Secondary batteries may be subjected to a variety of different circumstances surrounding their charge and discharge. Quite often a secondary battery may be subjected to rapid charge, and depending on the nature of the charging equipment and its control circuits, a battery may be subjected to overcharge conditions.
Likewise, a secondary battery may be subjected to discharge conditions that range from very gentle to abusive—for example, if the secondary battery is driving an electric motor that stalls.
Under any or all of those conditions, the chemistry of the battery—whether it be a lead acid battery, for example, or an alkaline battery—may be such that the interior volume of the battery may be subjected to varying gas pressure circumstances—both above and below (positive and negative) the ambient pressure within which the battery is operating. Of course, this discussion is directed to such batteries as lead acid batteries, but it is more particularly directed to alkaline batteries, all of which batteries in any event have a reserve of liquid electrolyte within the battery case structure.

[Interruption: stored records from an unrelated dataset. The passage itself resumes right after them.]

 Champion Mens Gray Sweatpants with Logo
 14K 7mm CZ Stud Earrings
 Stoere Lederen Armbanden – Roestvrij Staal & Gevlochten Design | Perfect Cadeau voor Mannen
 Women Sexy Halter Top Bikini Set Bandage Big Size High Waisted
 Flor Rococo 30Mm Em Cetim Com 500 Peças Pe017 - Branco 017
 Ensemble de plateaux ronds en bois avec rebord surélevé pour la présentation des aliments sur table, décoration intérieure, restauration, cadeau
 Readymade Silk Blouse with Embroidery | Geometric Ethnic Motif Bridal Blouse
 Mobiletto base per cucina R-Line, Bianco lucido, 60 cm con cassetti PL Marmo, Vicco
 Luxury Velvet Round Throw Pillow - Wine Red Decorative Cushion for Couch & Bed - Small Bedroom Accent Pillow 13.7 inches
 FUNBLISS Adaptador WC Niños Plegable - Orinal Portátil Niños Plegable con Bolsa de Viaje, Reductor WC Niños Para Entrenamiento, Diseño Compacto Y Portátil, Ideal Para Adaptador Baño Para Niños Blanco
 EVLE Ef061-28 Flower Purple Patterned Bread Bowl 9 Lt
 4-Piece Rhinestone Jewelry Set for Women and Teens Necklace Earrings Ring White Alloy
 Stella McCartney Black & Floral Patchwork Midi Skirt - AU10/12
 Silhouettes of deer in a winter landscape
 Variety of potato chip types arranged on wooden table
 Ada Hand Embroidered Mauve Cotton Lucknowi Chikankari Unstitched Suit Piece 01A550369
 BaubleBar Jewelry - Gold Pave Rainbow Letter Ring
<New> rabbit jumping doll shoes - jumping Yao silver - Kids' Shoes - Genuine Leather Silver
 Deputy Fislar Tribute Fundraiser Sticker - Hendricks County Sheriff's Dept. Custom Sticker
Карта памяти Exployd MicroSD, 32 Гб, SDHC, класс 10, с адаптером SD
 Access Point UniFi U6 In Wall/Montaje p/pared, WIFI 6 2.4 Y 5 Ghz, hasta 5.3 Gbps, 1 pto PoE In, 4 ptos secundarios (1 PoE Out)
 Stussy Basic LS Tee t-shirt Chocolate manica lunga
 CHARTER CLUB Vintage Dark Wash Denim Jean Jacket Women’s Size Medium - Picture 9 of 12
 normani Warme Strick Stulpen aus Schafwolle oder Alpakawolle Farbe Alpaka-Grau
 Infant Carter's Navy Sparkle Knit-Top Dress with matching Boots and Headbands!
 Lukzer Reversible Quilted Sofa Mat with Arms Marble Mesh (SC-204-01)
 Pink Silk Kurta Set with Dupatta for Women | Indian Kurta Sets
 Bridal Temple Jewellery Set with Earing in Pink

Such a battery might be a high performance nickel zinc battery, for example, or even a nickel zinc supercapacator. In any event, any such battery in respect of which the present invention is particularly intended to be used, is typically considered to be a no maintenance battery—one that, apart from charging and the like, may never be checked or may only be checked very seldomly to determine the condition of the battery, the liquid electrolyte in the battery, and so on.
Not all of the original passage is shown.